Por erro de avaliação (o único cometido) os meus amigos lançaram-me a uns três quilómetros do ponto previsto. A partir daí, e por mais fiel que me mantivesse aos azimutes dados, tinha de me enganar no destino. Já havia sofrido erros parecidos nos lançamentos de pára-quedas mas, desta feita e nestas condições, as consequências foram muito duras.

Quase ia tropeçando numa brigada florestal que, apoiada por guardas fiscais, trabalhava na abertura de uma estrada de serviço. Evitei-os por escassas dezenas de metros. Não deram por mim, mas vivi momentos angustiosos. Não tinha dúvidas de que forçaria a passagem sem dificuldade de maior, mas custava-me causar vítimas inocentes. Nem sequer era igual a luta entre esses funcionários fronteiriços e um homem curtido no mato africano. Tivemos muita sorte em não terem dado por mim.

A escalada da serra foi penosa, até atingir a linha da fronteira, e só me aguentei abusando da “coramina” e animado pela vontade de voltar a África.

Atingida a outra vertente da montanha, já em território espanhol, penso que devo ter corrido como um louco. Só parei num riacho junto ao qual inutilizei o material de defesa que levava comigo, enterrando-o cuidadosamente.
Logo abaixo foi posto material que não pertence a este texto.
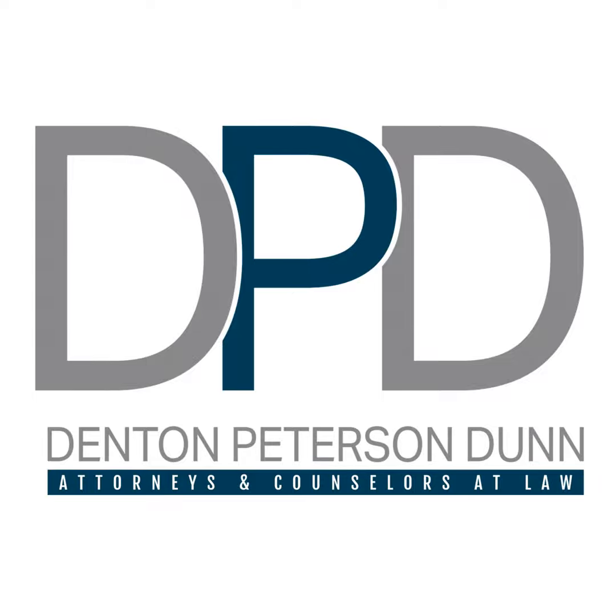Welcome to the Denton Peterson Dunn podcast. We provide a guide for you to succeed in all your business law matters. Our attorneys have been serving clients in the greater Phoenix area since 1995. Denton Peterson Dunn has the legal expertise you need to successfully operate in the complex realm of business law. This podcast series is reviewed and approved by attorney Brad Denton.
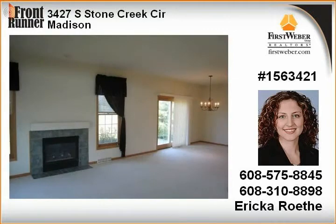The full basement is perfect for storage, or finish it for additional living space. UHP warranty included.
Não queria ser encontrado com armas e pretendia evitar algum acidente se alguém as descobrisse.

Deambulei quase dez horas, por montes e vales, para encontrar o ponto fixado para o encontro com o carro que me aguardava. Se não tivesse sido o apoio hospitaleiro de boa gente local nunca mais teria lá chegado.

 

 

Nessa noite alcancei Madrid e descansei profundamente numa “suite” do “Hotel Ritz” (tinha o número 530) depois de ter telefonado para Lisboa, a dar conta aos meus, do êxito da fuga. Nem queriam acreditar. Pouco depois, na Beira e em Blantyre, estavam informados da minha nova situação.

Os que me vigiavam, em Lisboa, mantinham a guarda à embaixada. Só se deram conta do meu desaparecimento pelos jornais.

Estava concluída a “operação perfeita”. '' (....) in Moçambique, Terra Queimada'', devida vénia a http://liceu-aristotelico.blogspot.com.es/2010/09/mocambique-terra-queimada-viii.html

 

 

E tomou a bica no Pelicano, aquele que era o inimigo-público nº 1.....enquanto os fogosos revolucionários abrantinos, como o Manuel Dias, estavam a discutir o sexo dos anjos e os tachos a distribuir!!!!